In recent days, many Israeli Arabs have joined peaceful protests – often with Israeli Jews – to end the violence and seek solutions to the many issues that divide Palestinians and Israel. As one protester in Haifa, Tawfiq Nagar, told Haaretz, “It’s not a question of national identity but of values.... We can’t let racism break through again. This is the time to protest together, Arabs and Jews, against police violence and the occupation, and for peace, otherwise hatred will win again and again.”

Last year, Associated Press found a growing number of Palestinians “have embraced nonviolent means of protesting Israel’s military rule and expanding settlements.” Sometimes peaceful actions do have an impact of Israeli institutions. Last month, for example, a court in Jerusalem imposed a fine against a Jewish settler on the West Bank for slapping a prominent pacifist, Issa Amro, as he was walking Palestinian children to a school in Hebron.

Israeli Arabs and Palestinian who do commit to nonviolent means - such street demonstrations, petitions, or general strikes – often learn they can gain allies among Israel Jews and foreign countries. Such tactics also appeal to those exhausted by violence or who see how violence reinforces radicalism on either side.

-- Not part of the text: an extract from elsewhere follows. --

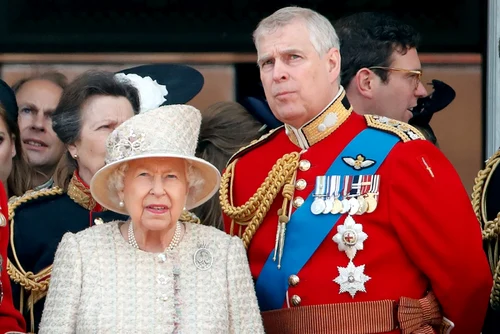 Regina și Prințul Andrew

While few in number, those advocating nonviolence do not get much attention from journalists. Peaceful tactics, however, can often touch hearts, lessen anger, and promote social change.  Like an act of love, they invite an opponent to resolve long standing issues by relying on just means. When that happens, both sides are enabled to build a relationship that allows for just solutions.